Aquí he admirado a Miguel de los Santos Oliver, y al poderoso «Xenius». He
vuelto a abrazar a mi querido Santigo Rusiñol y al gran Peyus, como
familiarmente es llamado Pompeyo Gener. (…) Una de mis primeras vivistas
fue para el amigo de don Marcelino Menéndez y Pelayo y maestro carísimo. He
nombrado a Rubió y Lluch.
Antes de que llegara Francisca, no son pocas las quejas menores
que de ella manifiesta el autor, poco proclive a los sucesos minúsculos de la
vida cotidiana: Así, en 19-X-13, escribe: A Francisca la escribiré después.
¡Si pudiera cambiarse el espíritu y el carácter de la pobre! Yo viviría,
después, cerca de ella, aunque no fuera juntos. Se cuidaría y educaría al
chico. Uno tiene necesidad de querer algo. Como cuando se queja de la queja
de ella por el robo sufrido en París: Francisca me escribió -dándome un rato
molesto- su aventura del ladrón. Cien veces le dije que jamás llevase dinero en
el réticule.
Darío es una de las cumbres literarias de nuestro idioma, y
su registro léxico abarca un volumen léxico envidiable y sorprendente, como
cuando usa voces tan poco usuales como rocas blanquizcas o un cronicón
forrado en cuero flavo, por eso le dan a su prosa cierta gracia algunos galicismos,
lengua en la que también tiene obra literaria el autor, como cuando confiesa
que mi salud de ha repuesto bastante y estoy en tren de labor…

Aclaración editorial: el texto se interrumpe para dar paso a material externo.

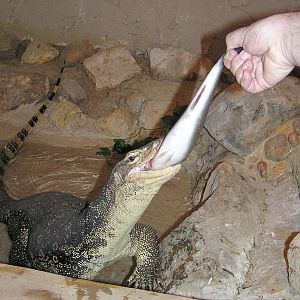 Varanus salvator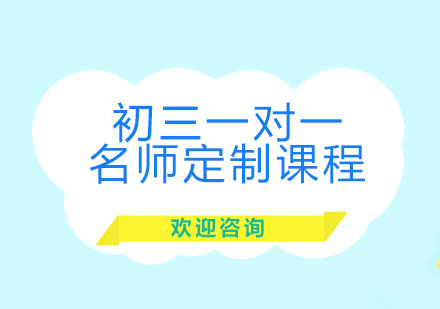 北京初三一对一定制课程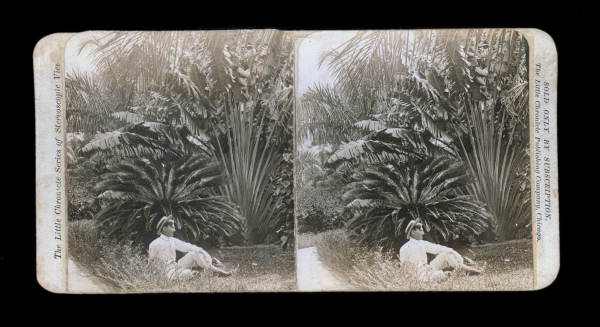 Man laying in front of plants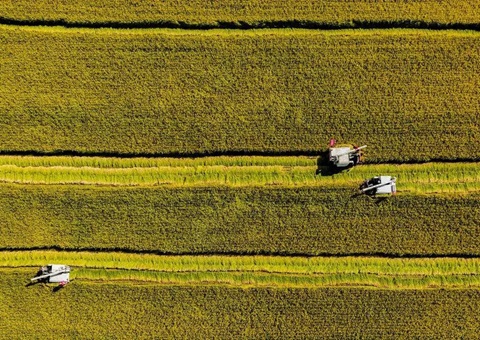 辽宁省耕地地力；；；；；；そ蛱曜汲鎏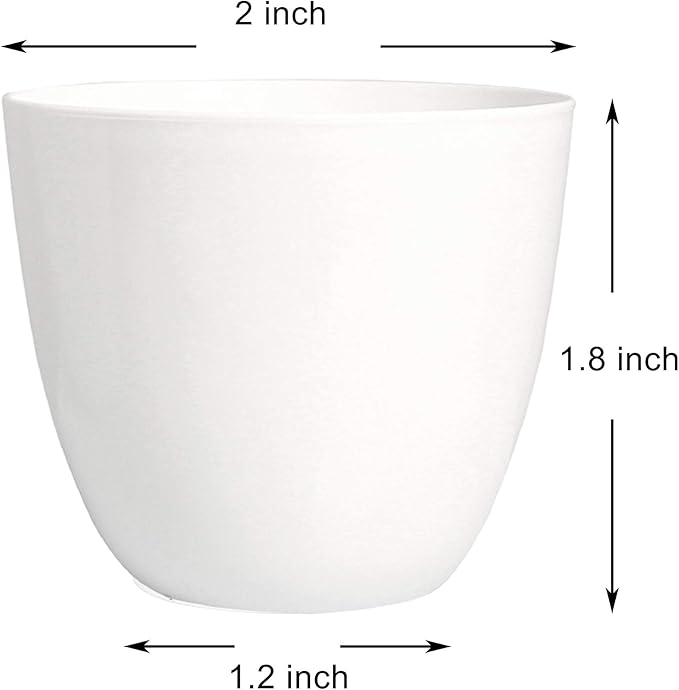 Youngever 24 Pack 2 Inch Mini Plastic Planters, Indoor Flower Plant Pots, White Gardening Pot with Drainage - NO Plant Included (Modern)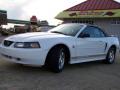 2004 Mustang V6 Convertible #29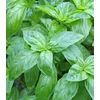 PROMONTIS Hidrolat bosiljka (Ocimum basilicum) 100ml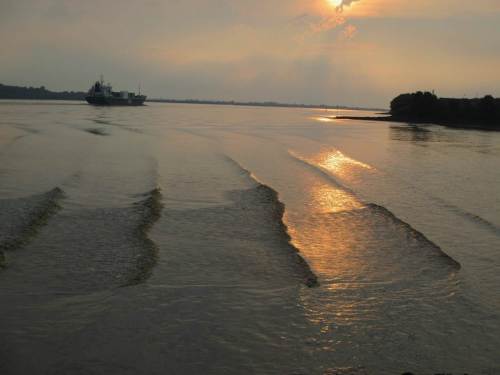Windstille, ruhige Elbe - kleine Wellen durch vorbeifahrende Schiffe. Nett anzusehen.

Como turista en Mallorca, si bien por escasos días, tengo la
sensación de que Darío no acabó de dejarse seducir por la isla lo suficiente
como para dedicarle una obra que hubiera sido capaz de captar la vida y la
belleza innata de la misma; que habitó en ella como en un grandioso escenario
por el que paseó sus dolencias, sus perplejidades y la temida sensación de que,
como dice en La isla de oro, está más pendiente de la llegada de la
intrusa, de la Separadora, como se dice en los cuentos árabes, que de impulsar
su propia vida nuevos hitos creativos, justo cuando él se sentía, además, «perseguido por la negrura de la
incertidumbre».
Probablemente hubiera disfrutado más del libro en aquel
espacio bendecido por los dioses
paganos, pero tenía una deuda con él, intonso en las estanterías desde que lo
compré, y hoy la doy por satisfecha.